▸ **What you should do**:
The range runs from the line containing "Man give rating" through the last line of the material below; retype it exactly, leaving out the pictures.

▸ **Collected data**:
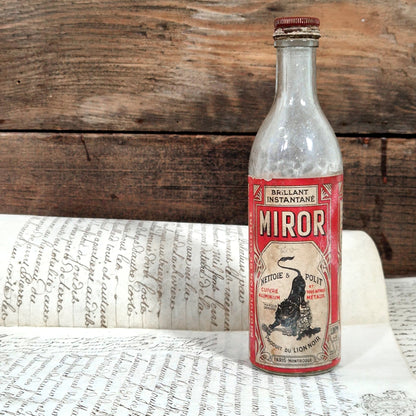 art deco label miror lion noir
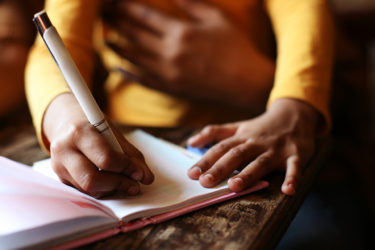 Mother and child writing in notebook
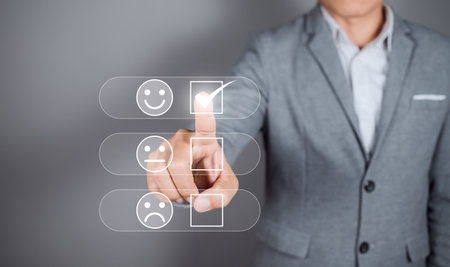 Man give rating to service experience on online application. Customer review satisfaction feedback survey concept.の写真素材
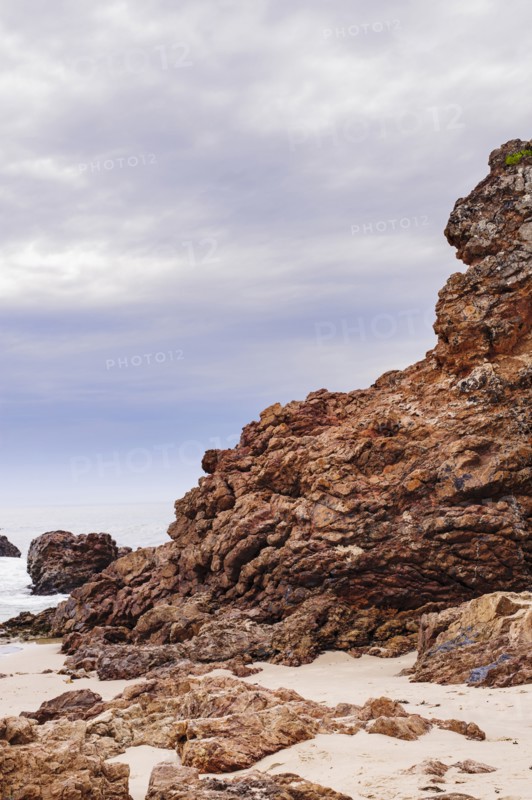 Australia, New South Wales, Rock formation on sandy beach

▸ **Answer section**:
 Man give rating to service experience on online application. Customer review satisfaction feedback survey concept.の写真素材
 Australia, New South Wales, Rock formation on sandy beach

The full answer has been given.